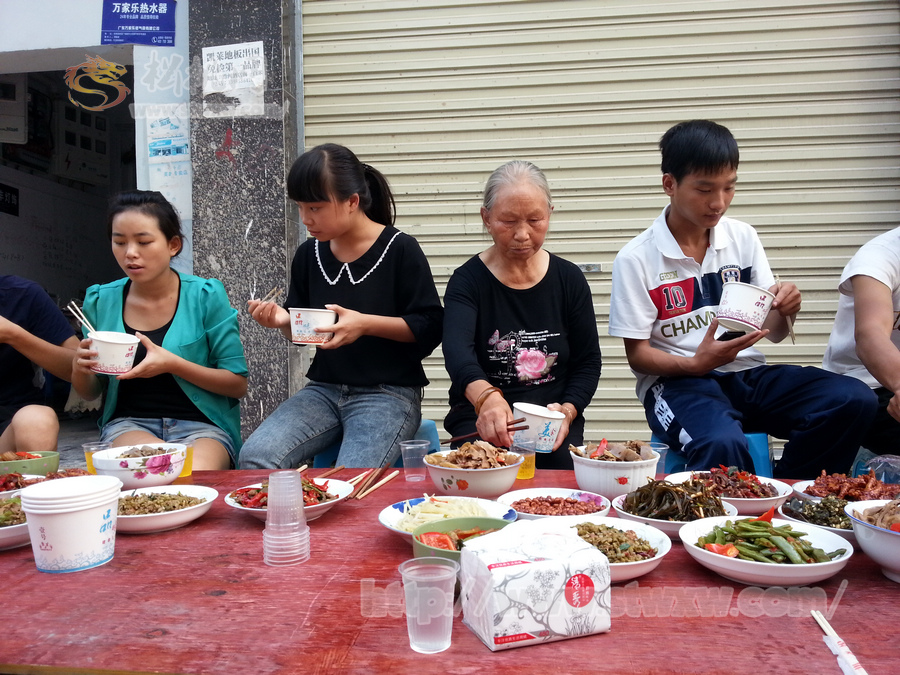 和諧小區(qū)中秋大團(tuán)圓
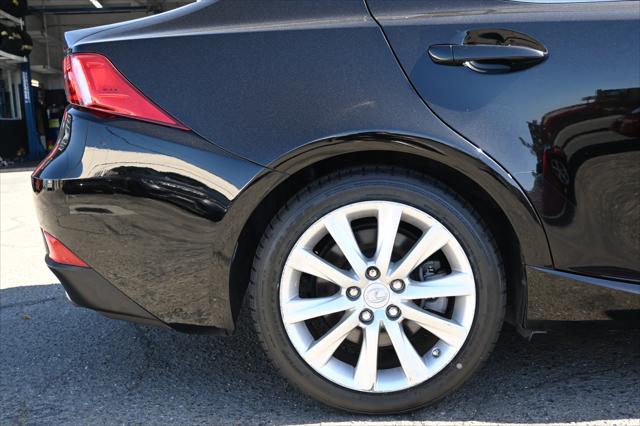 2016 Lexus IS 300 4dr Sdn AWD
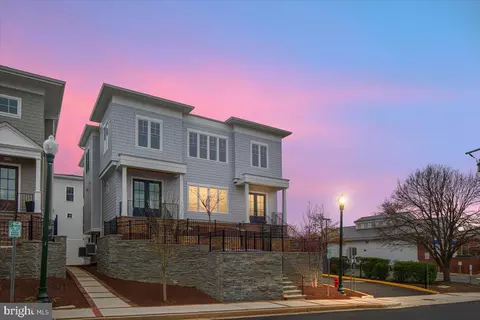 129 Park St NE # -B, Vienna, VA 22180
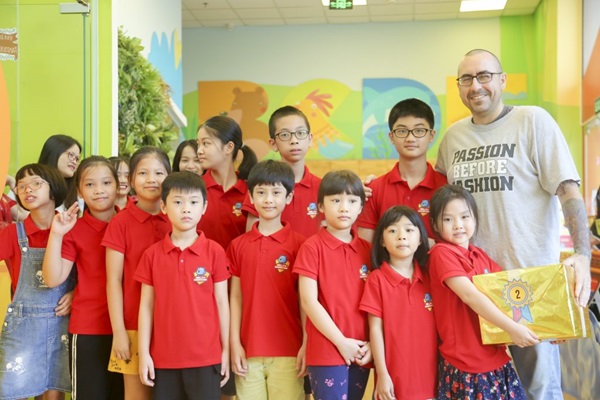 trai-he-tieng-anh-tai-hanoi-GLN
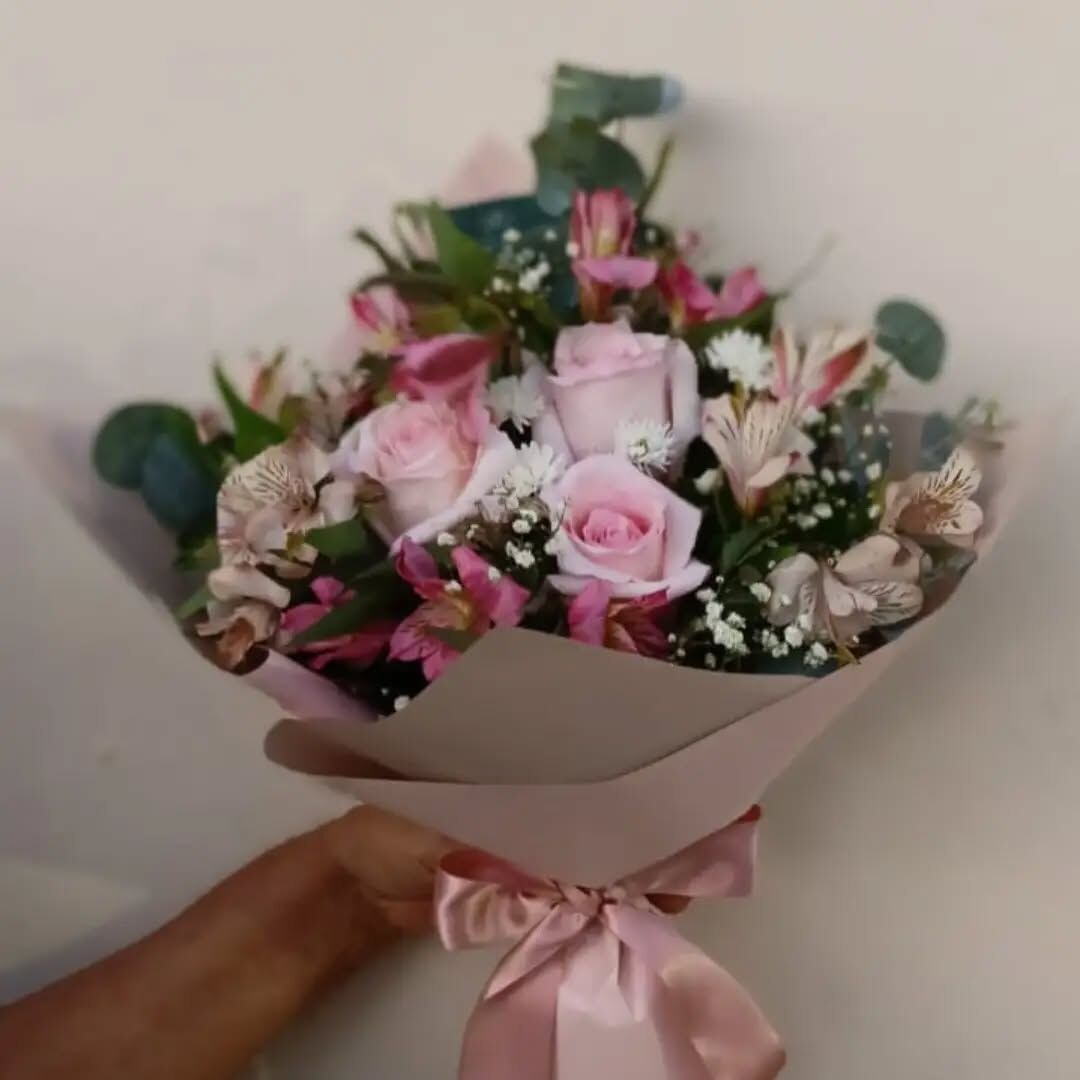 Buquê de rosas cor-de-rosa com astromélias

──────

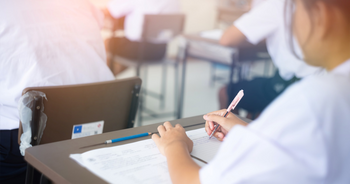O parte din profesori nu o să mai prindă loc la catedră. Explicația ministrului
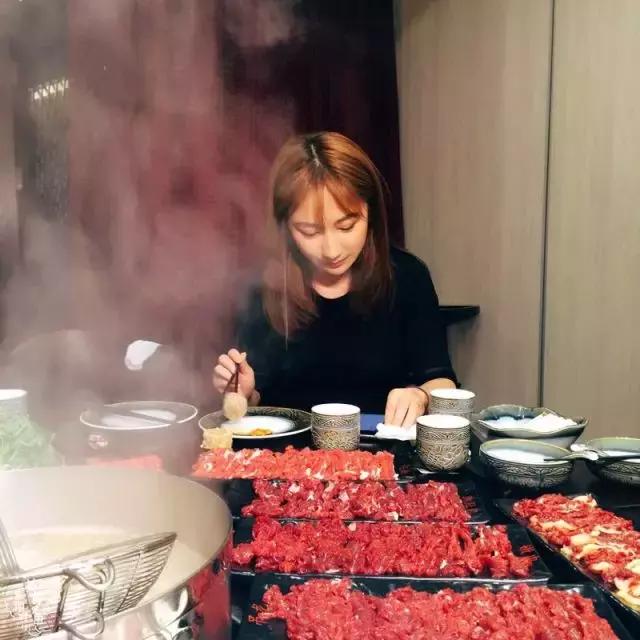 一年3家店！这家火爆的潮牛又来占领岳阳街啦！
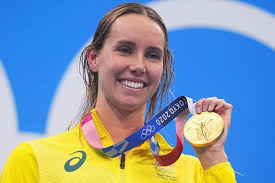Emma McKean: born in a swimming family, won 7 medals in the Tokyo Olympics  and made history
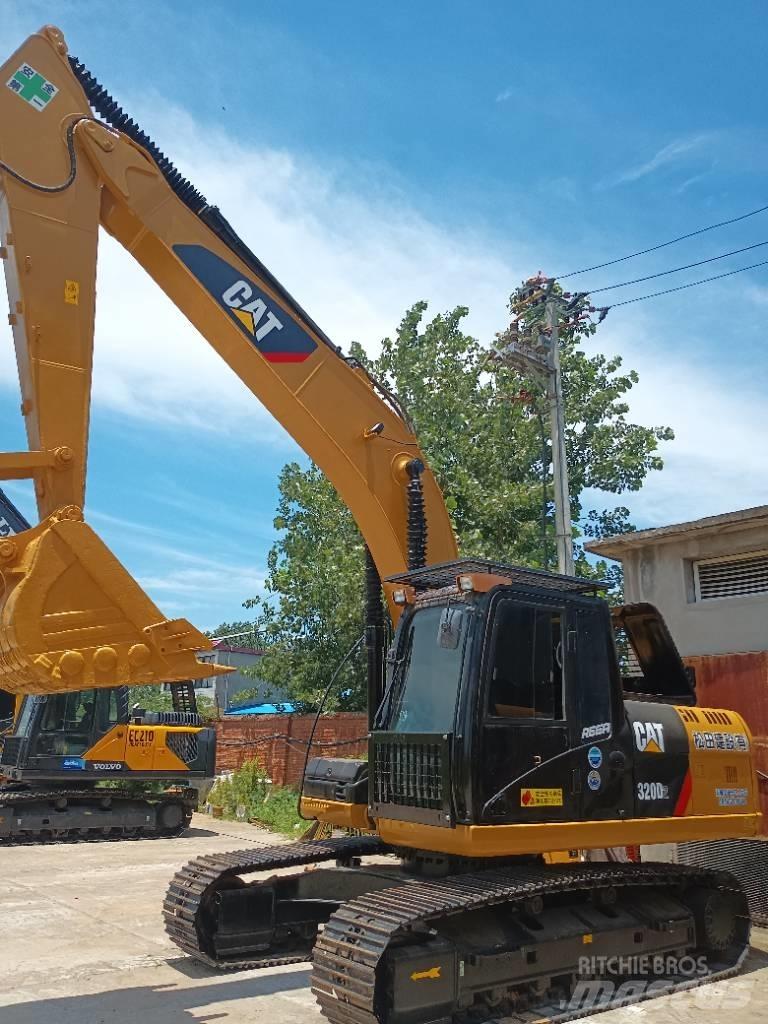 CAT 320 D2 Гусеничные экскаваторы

──────

* **Exercise details**
Lines from the one above containing "O parte din" down to the one containing "CAT 320 D2 Гусеничные экскаваторы" should be transcribed exactly, with both ends kept and no pictures.

* **Completed task**
O parte din profesori nu o să mai prindă loc la catedră. Explicația ministrului
 一年3家店！这家火爆的潮牛又来占领岳阳街啦！
Emma McKean: born in a swimming family, won 7 medals in the Tokyo Olympics  and made history
 CAT 320 D2 Гусеничные экскаваторы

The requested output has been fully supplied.